RINO-GAELICO commented 5 days ago

Hi, I tried to run a python code that would use multiple GPUs. It is a Pytorch inference model that loads on a Gpu to classify an image. I used the mp.Pool(NUM_FUNCTIONS), but each process uses the same GPU, although there are 4 available on one node.

Is there a way to specify the number of available resources?

with mp.Pool(NUMBER_OF_FUNCTIONS) as pool: results = pool.starmap(infer_image, tasks)

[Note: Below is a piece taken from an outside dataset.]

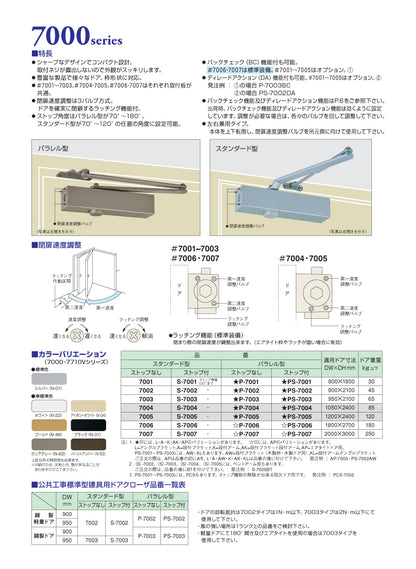 ニュースター ドアクローザー 7000シリーズ カタログ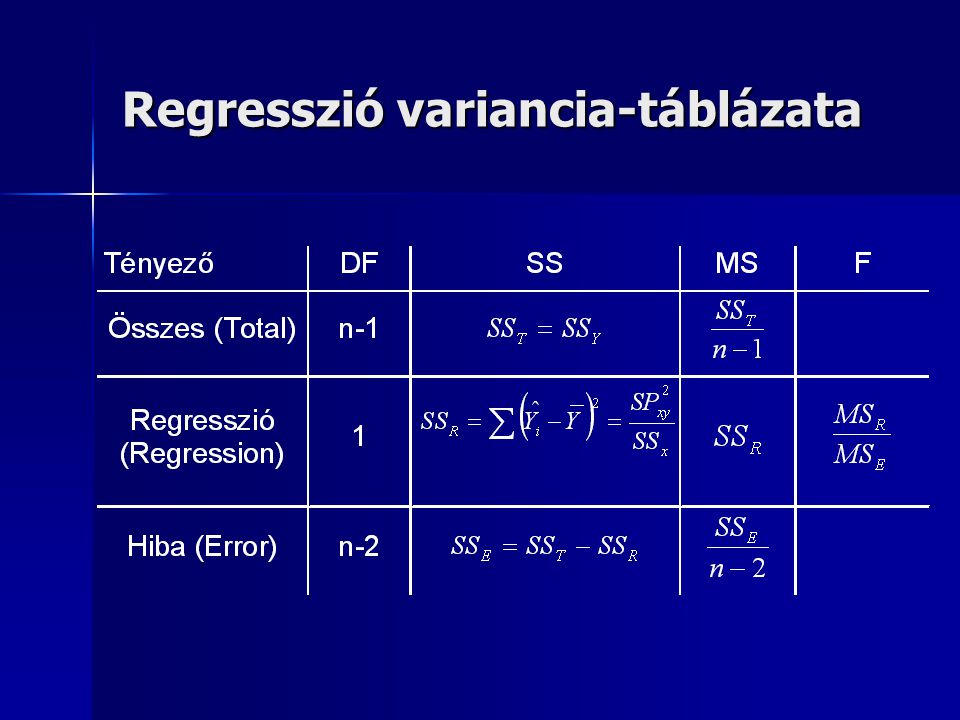 Regresszió variancia-táblázata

colinpwahl commented 5 days ago

You’re going to want to either define the device like device = torch.device(“cuda", <some visible device int>) or set the default device for each pool worker. The most straightforward way to set either of those would be to use multiprocessing pool’s initializer and initargs to do this once on start up of a process. This example shows how you could use a dictionary of queues to make sure that each process on a node gets its own visible device. Just a note about using the initializer, if you choose to define the device like device = torch.device(“cuda", <some visible device int>) you’ll want to define device as a global so you can reference it in the main work function. This won’t be a concern if you set the default device as I believe it will set the context for the remaining duration of the process.

RINO-GAELICO commented 4 days ago

What exactly do you mean by setting the default device for each pool worker? If my understanding is correct, all processes are defaulting to the same GPU leading to the observed behavior where all processes use the same GPU instead of utilizing different ones.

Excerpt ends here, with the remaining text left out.